Ai nove che non tornano è sufficiente la guarigione. Non tornano, forse perché smarriti nel vortice della loro felicità, negli abbracci ritrovati. E Dio prova gioia per la loro gioia, come prima aveva provato dolore per il loro dolore. Non tornano forse perché sentono la salute come qualcosa che è loro dovuto, non come un dono; come un diritto, non come un miracolo. Ogni miracolo è però una storia incompiuta, una storia che inizia: l'uomo non è solo il proprio corpo. La sua pienezza consiste nel passare da semplice guarito a salvato, nel trovare la «vita piena» entrando in comunione con il Donatore e non solo con i suoi doni. Il Donatore ha se stesso da donare. Nulla di meno. E la sua vita nella tua vita.

Nell'unico che è tornato, importante non è tanto l'atto di ringraziamento, quasi che Dio fosse in cerca del nostro grazie, bisognoso di contraccambio; il lebbroso di Samaria è salvo non perché paga il pedaggio, pur santo, della gratitudine, ma perché entra in comunione.
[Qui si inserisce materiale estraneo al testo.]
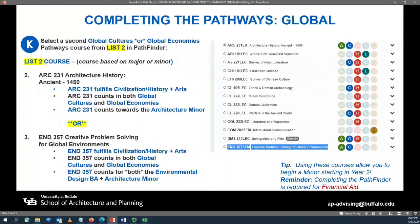Upon selecting your list one course, you will then move on and select a list two course in the Pathfinder for your global pathway — either Global Cultures or Global Economies. Based upon the requirements for the Environmental Design major and/or the Architecture minor, you have two course options: Architecture 231, Architecture History Ancient through 1450, or Environmental Design 357, Problem Solving for Global Environments. Environmental Design 357 counts for the Environmental Design Bachelor of Arts degree, the Architecture minor, and your list two global pathway — one course fulfilling three different degree requirements. Architecture 231 can count towards your Architecture minor as well as your UB global pathway requirement.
Con il proprio corpo, con i propri sentimenti, con il Signore. «E rende gloria a Dio». Perché «gloria di Dio è l'uomo vivente» (sant'Ireneo). Davvero vivente è solo il samaritano: il doppiamente escluso, che segue più il suo cuore che non le prescrizioni della legge, come gli altri nove, e interrompe il viaggio, torna indietro, canta per la strada, si butta ai piedi di Gesù, gli grida il suo grazie. Gloria di Dio è solo lui, ritornato uomo e ritornato figlio.